# Won't eat calcium supplement



## Revereche (Sep 3, 2014)

For the most part, all has been well with Tiggy-Winkle (already looking much fatter and grown-up teguish than this photo from a couple weeks ago). I finally got her eating reliably . . . But to do so, I had to cut the calcium supplement from her diet =/ I've tried my best to hide it, but she can smell it. Heck, I can smell it -- the stuff reeks.

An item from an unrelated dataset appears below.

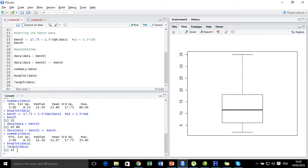So this is the winsorizing technique and this is how it's done in R programming language. Hope it helped. In the next video we are going to see how we can use the variable transformation method to treat for the outliers. Keep watching, subscribe, and thank you very much for watching.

Is there another way I can get her the calcium she needs? Maybe an alternative brand that doesn't smell so strongly? I'm currently using this: http://www.petmountain.com/product/...rQbgFGSnlKRuDnCjvPq0Y_H1DY8f88GMSBhoCCm7w_wcB

(I looked into feeding her fuzzies, but a hundred a month is a bit outside my price range . . . )


----------



## Allie.Lauren (Sep 3, 2014)

I haven't personally ordered from them but I've heard a lot of good things about Hare Today you can order whole prey in bulk size and just freeze and use what you need probably cheaper than $100 for the pinkies


----------



## Derek Doel (Sep 3, 2014)

I use zoo meds reptivite with D3. No odor and it is a fine powder that mixes well


----------



## Revereche (Sep 4, 2014)

I'll try that, thanks!!


----------



## MickJagger (Sep 11, 2014)

@Revereche check out my thread on diy calcium supplements. It's cheap, easy as hell to do, and much more natural and efficient. Hope that helps! Tegu on


----------



## MickJagger (Sep 11, 2014)

I'll save you time lol 

http://www.mamanatural.com/how-to-make-eggshell-calcium/

Enjoy, I hope it helps you! Most tegus love it.


----------



## Rebecca Stout (Sep 18, 2014)

Interesting. Well worth trying it for tegu's that sense and dont like calcium powders. My tegu is not crazy about it. But she does seek out egg shell in her mixed meats (I include eggs in it). She picks it out and eats it first. So, I know for mine this would work.


----------



## Revereche (Sep 18, 2014)

I've got her on the powder suggested and it's working out beautifully =) She hasn't rejected food since!


----------